Theme: Faith without works is dead. 
This week’s lessons teach us that laziness and evil behavior must not characterize God’s people.
Matthew 25:19-30
“Now after a long time the master of those servants came and settled accounts with them. And he who had received the five talents came forward, bringing five talents more, saying, ‘Master, you delivered to me five talents; here I have made five talents more.’ His master said to him, ‘Well done, good and faithful servant. You have been faithful over a little; I will set you over much. Enter into the joy of your master.’ And he also who had the two talents came forward, saying, ‘Master, you delivered to me two talents; here I have made two talents more.’ His master said to him, ‘Well done, good and faithful servant. You have been faithful over a little; I will set you over much.
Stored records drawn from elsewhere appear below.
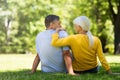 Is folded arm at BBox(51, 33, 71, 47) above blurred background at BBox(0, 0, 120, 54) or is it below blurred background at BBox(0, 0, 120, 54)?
above

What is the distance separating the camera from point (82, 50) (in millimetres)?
7891

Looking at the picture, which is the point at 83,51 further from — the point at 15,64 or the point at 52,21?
the point at 15,64

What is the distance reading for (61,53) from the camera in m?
7.95

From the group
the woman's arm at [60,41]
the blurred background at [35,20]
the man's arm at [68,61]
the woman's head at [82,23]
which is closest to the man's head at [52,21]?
the woman's arm at [60,41]

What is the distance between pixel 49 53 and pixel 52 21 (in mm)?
651

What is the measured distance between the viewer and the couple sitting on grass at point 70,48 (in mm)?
7746

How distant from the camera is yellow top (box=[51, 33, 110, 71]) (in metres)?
7.73

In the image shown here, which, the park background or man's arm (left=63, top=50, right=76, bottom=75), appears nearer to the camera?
man's arm (left=63, top=50, right=76, bottom=75)

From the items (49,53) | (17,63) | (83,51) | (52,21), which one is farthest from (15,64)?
(83,51)

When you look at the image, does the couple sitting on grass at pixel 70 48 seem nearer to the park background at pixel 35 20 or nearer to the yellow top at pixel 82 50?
the yellow top at pixel 82 50

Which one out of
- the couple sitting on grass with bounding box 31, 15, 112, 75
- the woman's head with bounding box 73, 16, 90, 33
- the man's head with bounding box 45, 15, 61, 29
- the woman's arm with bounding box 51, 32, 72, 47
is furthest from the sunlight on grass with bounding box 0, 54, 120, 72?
the woman's head with bounding box 73, 16, 90, 33

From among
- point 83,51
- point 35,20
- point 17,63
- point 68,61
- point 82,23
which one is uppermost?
point 82,23

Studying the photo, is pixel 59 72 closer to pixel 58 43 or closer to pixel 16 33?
pixel 58 43

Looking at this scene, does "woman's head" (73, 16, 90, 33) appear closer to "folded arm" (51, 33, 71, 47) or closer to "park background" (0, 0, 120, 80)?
"folded arm" (51, 33, 71, 47) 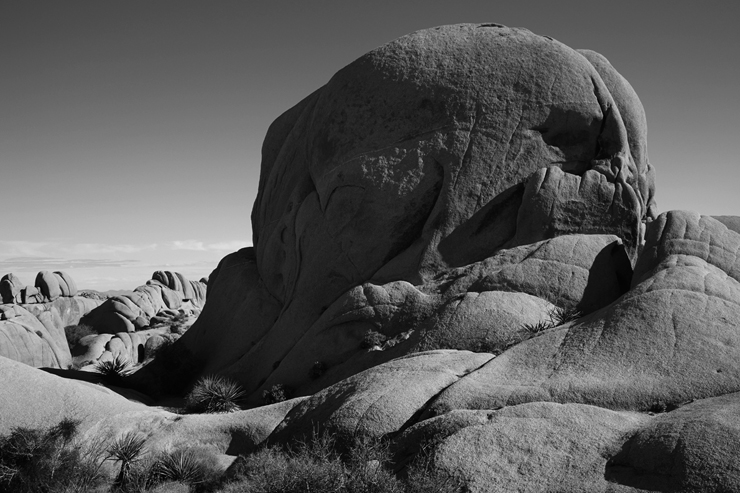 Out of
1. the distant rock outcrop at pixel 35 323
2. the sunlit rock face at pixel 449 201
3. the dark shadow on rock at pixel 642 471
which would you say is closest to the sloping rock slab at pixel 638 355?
the dark shadow on rock at pixel 642 471

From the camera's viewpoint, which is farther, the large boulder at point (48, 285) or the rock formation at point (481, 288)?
the large boulder at point (48, 285)

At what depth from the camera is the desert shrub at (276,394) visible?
2262 centimetres

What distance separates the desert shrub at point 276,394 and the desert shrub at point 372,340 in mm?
3369

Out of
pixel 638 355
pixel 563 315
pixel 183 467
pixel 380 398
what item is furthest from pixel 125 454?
pixel 563 315

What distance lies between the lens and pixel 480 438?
412 inches

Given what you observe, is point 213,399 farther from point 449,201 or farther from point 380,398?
point 449,201

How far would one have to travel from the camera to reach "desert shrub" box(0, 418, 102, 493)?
14.3 m

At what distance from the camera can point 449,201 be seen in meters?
24.8

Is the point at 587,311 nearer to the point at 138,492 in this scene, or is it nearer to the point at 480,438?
the point at 480,438

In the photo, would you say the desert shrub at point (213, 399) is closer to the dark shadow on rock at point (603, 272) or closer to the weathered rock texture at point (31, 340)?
the weathered rock texture at point (31, 340)

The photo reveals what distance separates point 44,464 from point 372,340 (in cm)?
1105

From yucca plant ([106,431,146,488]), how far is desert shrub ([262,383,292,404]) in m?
7.10

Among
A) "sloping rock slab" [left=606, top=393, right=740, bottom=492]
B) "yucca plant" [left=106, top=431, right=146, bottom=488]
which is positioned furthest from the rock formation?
"yucca plant" [left=106, top=431, right=146, bottom=488]

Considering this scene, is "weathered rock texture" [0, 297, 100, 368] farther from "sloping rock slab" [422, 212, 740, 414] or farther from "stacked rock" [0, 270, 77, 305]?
"sloping rock slab" [422, 212, 740, 414] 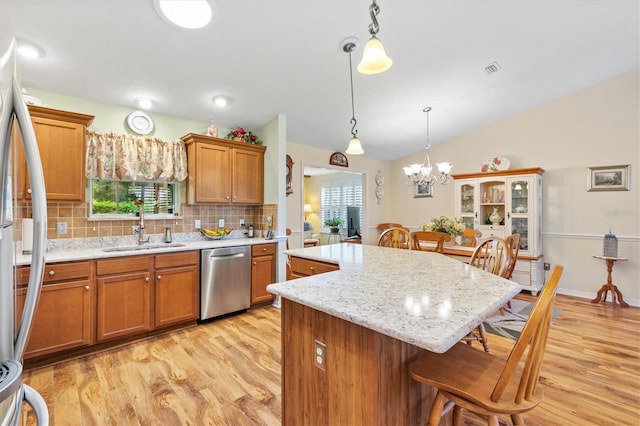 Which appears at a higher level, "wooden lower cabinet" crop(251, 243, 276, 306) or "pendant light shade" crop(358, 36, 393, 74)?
"pendant light shade" crop(358, 36, 393, 74)

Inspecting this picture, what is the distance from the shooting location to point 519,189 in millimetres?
4371

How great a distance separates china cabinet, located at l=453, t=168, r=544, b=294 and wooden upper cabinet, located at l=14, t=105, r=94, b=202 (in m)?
5.09

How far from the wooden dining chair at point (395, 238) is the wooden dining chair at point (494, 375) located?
5.87 ft

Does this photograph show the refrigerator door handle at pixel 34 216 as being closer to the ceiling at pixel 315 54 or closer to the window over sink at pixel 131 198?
the ceiling at pixel 315 54

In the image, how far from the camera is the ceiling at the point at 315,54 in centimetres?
216

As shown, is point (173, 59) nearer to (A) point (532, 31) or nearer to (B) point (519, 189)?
(A) point (532, 31)

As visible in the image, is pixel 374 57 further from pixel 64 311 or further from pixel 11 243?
pixel 64 311

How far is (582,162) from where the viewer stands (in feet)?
13.6

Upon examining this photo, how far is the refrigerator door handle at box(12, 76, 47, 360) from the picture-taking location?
0.71 metres

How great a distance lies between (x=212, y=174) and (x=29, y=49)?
5.85ft

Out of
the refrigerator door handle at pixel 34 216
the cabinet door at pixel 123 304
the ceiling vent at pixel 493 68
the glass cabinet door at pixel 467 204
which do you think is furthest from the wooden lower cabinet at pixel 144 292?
the glass cabinet door at pixel 467 204

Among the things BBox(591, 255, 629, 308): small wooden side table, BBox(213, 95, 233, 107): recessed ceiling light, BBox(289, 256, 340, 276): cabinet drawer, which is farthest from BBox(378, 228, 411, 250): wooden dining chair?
BBox(591, 255, 629, 308): small wooden side table

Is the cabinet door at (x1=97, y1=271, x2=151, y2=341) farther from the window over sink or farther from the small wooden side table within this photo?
the small wooden side table

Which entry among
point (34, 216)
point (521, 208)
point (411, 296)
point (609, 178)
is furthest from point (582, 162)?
point (34, 216) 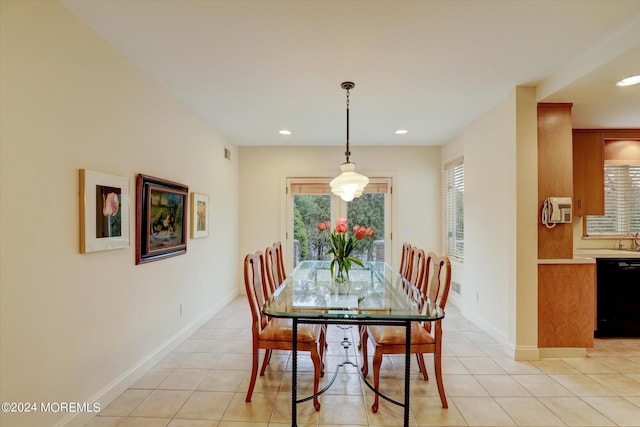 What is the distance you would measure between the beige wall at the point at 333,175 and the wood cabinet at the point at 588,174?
1.84 meters

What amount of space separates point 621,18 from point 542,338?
8.60 ft

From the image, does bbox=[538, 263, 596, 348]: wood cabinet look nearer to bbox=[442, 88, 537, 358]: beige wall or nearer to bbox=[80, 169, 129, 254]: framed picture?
bbox=[442, 88, 537, 358]: beige wall

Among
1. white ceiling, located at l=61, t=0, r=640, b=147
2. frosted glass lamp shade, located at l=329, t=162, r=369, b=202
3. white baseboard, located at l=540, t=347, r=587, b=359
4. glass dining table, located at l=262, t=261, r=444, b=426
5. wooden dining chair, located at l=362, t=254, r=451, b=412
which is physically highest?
white ceiling, located at l=61, t=0, r=640, b=147

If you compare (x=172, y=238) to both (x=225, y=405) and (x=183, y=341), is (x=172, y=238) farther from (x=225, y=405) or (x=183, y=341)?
(x=225, y=405)

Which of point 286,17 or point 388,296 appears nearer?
point 286,17

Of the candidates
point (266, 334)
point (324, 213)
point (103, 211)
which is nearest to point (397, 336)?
point (266, 334)

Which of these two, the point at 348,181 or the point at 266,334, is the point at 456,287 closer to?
the point at 348,181

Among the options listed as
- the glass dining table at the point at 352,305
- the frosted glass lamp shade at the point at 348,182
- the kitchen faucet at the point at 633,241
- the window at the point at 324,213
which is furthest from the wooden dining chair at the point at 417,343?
the kitchen faucet at the point at 633,241

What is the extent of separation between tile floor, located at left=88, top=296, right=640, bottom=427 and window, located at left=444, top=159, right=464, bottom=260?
1785 millimetres

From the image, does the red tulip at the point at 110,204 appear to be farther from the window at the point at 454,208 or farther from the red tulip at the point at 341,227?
the window at the point at 454,208

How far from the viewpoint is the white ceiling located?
6.08 feet

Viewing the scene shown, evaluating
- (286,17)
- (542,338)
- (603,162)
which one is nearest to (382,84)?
(286,17)

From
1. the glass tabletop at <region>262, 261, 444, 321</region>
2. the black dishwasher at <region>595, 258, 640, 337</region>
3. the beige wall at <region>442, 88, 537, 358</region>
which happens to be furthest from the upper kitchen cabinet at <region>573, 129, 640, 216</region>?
the glass tabletop at <region>262, 261, 444, 321</region>

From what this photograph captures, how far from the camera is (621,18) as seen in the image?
1.93 meters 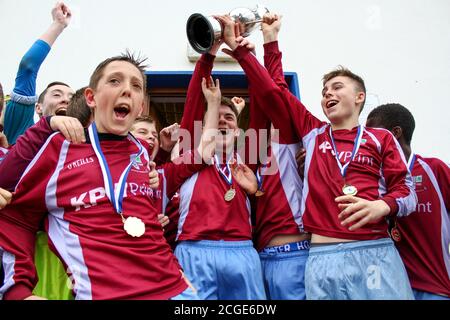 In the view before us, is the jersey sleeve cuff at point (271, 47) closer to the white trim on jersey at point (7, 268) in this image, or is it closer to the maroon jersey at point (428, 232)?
the maroon jersey at point (428, 232)

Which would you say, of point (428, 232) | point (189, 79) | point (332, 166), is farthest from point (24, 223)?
point (189, 79)

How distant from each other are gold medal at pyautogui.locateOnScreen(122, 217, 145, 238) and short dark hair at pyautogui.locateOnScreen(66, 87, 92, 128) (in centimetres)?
75

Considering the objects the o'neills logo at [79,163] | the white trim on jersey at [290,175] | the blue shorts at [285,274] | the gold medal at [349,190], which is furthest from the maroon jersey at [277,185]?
the o'neills logo at [79,163]

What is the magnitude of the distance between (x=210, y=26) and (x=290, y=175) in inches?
34.7

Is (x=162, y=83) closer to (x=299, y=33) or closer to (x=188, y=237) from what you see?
(x=299, y=33)

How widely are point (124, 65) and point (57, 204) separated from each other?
2.19 feet

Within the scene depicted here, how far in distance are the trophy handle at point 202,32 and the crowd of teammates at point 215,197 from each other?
0.10 metres

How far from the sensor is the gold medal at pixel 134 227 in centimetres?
152

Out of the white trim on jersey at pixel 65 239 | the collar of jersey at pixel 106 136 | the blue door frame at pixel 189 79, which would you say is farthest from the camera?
the blue door frame at pixel 189 79

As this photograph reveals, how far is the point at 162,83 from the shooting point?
13.6 ft

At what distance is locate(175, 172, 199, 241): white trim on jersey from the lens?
214 centimetres

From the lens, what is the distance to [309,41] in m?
4.16

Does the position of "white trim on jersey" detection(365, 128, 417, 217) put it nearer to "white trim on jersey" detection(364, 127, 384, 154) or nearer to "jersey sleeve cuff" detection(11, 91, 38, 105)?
"white trim on jersey" detection(364, 127, 384, 154)
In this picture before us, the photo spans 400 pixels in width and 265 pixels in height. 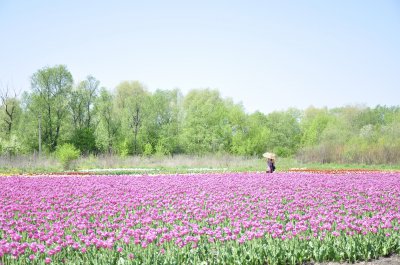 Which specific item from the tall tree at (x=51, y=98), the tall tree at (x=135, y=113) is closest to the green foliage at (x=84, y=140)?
the tall tree at (x=51, y=98)

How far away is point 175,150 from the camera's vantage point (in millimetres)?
57750

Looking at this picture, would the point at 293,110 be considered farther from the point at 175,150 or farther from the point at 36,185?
the point at 36,185

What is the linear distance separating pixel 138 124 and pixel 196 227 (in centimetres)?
4918

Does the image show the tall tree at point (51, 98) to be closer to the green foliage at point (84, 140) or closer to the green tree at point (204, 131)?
the green foliage at point (84, 140)

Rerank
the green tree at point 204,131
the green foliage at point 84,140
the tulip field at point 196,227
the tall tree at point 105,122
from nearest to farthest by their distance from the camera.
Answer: the tulip field at point 196,227 < the green tree at point 204,131 < the green foliage at point 84,140 < the tall tree at point 105,122

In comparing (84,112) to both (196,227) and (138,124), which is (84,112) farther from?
(196,227)

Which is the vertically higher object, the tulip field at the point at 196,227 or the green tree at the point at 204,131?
the green tree at the point at 204,131

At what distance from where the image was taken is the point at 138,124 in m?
56.4

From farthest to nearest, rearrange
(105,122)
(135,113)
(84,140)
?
(135,113) → (105,122) → (84,140)

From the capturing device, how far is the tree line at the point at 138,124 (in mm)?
51406

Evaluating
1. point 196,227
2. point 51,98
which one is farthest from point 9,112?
point 196,227

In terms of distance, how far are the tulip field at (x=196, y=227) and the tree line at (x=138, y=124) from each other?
3492 cm

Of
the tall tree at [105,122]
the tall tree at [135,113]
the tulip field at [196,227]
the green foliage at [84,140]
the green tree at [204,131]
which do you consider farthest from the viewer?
the tall tree at [135,113]

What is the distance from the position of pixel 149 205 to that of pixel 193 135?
40.1 metres
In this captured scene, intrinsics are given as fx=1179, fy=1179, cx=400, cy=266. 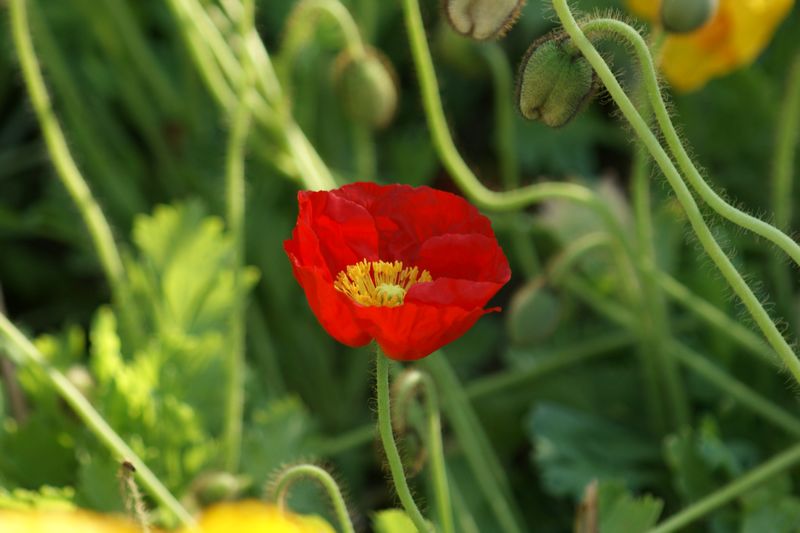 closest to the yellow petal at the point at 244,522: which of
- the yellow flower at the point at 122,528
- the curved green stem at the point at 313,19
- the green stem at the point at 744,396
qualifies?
the yellow flower at the point at 122,528

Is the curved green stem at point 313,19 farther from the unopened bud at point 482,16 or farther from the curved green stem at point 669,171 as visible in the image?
the curved green stem at point 669,171

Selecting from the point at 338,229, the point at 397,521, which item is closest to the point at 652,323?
the point at 397,521

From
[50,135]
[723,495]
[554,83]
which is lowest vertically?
[723,495]

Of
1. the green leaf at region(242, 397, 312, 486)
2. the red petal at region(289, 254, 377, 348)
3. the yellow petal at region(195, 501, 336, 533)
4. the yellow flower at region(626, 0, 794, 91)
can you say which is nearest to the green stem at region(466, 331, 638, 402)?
the green leaf at region(242, 397, 312, 486)

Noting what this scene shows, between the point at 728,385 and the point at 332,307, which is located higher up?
the point at 332,307

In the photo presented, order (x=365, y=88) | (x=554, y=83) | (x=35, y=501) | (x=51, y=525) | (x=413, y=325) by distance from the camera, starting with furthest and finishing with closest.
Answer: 1. (x=365, y=88)
2. (x=35, y=501)
3. (x=554, y=83)
4. (x=413, y=325)
5. (x=51, y=525)

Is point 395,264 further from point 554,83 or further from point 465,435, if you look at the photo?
point 465,435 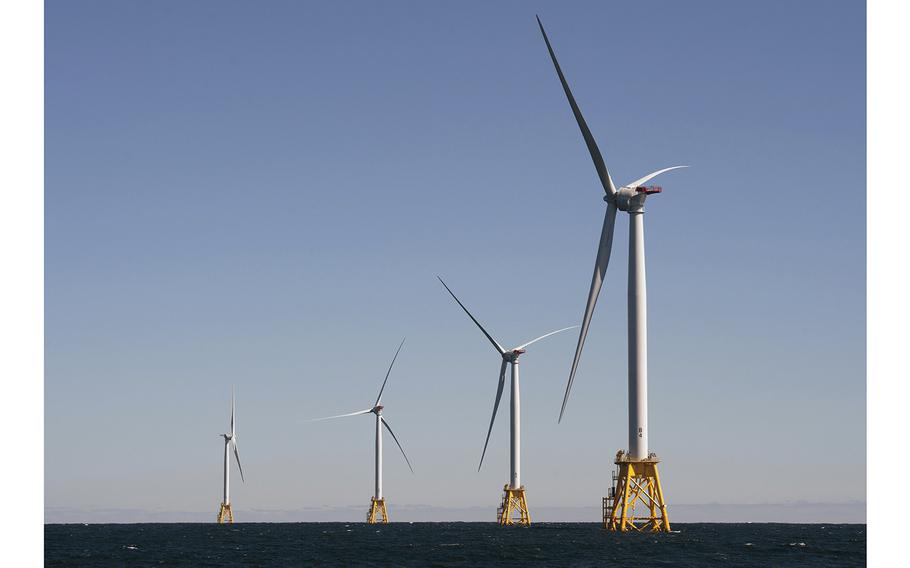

Enter into the joy of your master.’ He also who had received the one talent came forward, saying, ‘Master, I knew you to be a hard man, reaping where you did not sow, and gathering where you scattered no seed, so I was afraid, and I went and hid your talent in the ground. Here you have what is yours.’ But his master answered him, ‘You wicked and slothful servant! You knew that I reap where I have not sown and gather where I scattered no seed? Then you ought to have invested my money with the bankers, and at my coming I should have received what was my own with interest. So take the talent from him and give it to him who has the ten talents. For to everyone who has will more be given, and he will have an abundance. But from the one who has not, even what he has will be taken away. And cast the worthless servant into the outer darkness. In that place there will be weeping and gnashing of teeth.’”


When the master returned for their accounting and the faithful servants told what they had done, the servants’ words do not merely report that they had doubled the amount they were given. The man who had been given five talents seems to have come with two bags, each containing five talents, and what he literally says is: “Master, five talents you placed in my hands; look, an additional five talents I have gained.” You can almost feel his proper pride in the achievement? Hendriksen comments, I think rightly, “The mans eyes are sparkling. He is bubbling over with enthusiasm, is thoroughly thrilled, and, as it were, invites his master to start counting.”1 The man has been waiting for this moment and is pleased at having done so well.
The master is equally delighted, “Well done,” he says. We might almost translate his reply as: “Excellent!” “Great!” or “Wonderful!”
It is the same with the servant who had been given two talents. He says the same thing and receives an identical word of commendation.
By contrast, we can hardly fail to hear the angry, self-justifying, accusing tone of the servant who had hidden the master’s talent in the earth, “Master, I knew that you are a hard man, harvesting where you have not sown and gathering where you have not scattered seed. So I was afraid and went out and hid your talent in the ground. See, here is what belongs to you” (vv. 24-25). This accusation was not true. The master was not a hard man. He had been generous to have given the servants so much wealth to work with. But this man hated him. We can hear his contempt as he resentfully throws his talent on the table, “Here is what belongs to you,” he says. It was returned exactly as the master had given it, not a bit more and no less.
In response the master condemns him both for his wickedness and for being lazy—wicked because he was accusing his master unjustly, and lazy because he had not faithfully used what he was given. The master then gives the talent to the one who had ten, on the principle that, “everyone who has will be given more” and “whoever does not have, even what he has will be taken from him” (v. 29). He then causes the servant to be cast “outside, into the darkness” (v. 30).
We must avoid a “do nothing” Christianity. One commentator said, “To have done no harm is praise for a stone, not for a man.” But the situation here is worse than that. To have done nothing is proof that we do not love Jesus Christ, do not belong to him, and have no share in his kingdom. It is to perish forever.
So much for the story. What are the lessons we need to learn from it? 
The first clear lesson is that there will be a future day of reckoning for all people. That is so obvious, both from this parable and from all the parables in Matthew 25, that it seems almost sophomoric to stress it. Yet it must be stressed, if only because people usually think in precisely opposite categories. Jesus spoke of judgment being obvious. It was a subject that was not even up for debate. But they consider God’s judgment to be the most irrational and least-to-be-anticipated thing in the world. 
1 William Hendriksen, New Testament Commentary: Exposition of the Gospel According to Matthew (Grand Rapids: Baker Book House, 1985), p. 881.


With what tone do the first two servants approach their master?
How does the third servant’s response compare to that of the other two?


Read James 2:14-26. How does the message of James chapter 2 reinforce the point of this parable in Matthew 25? What else does James teach here?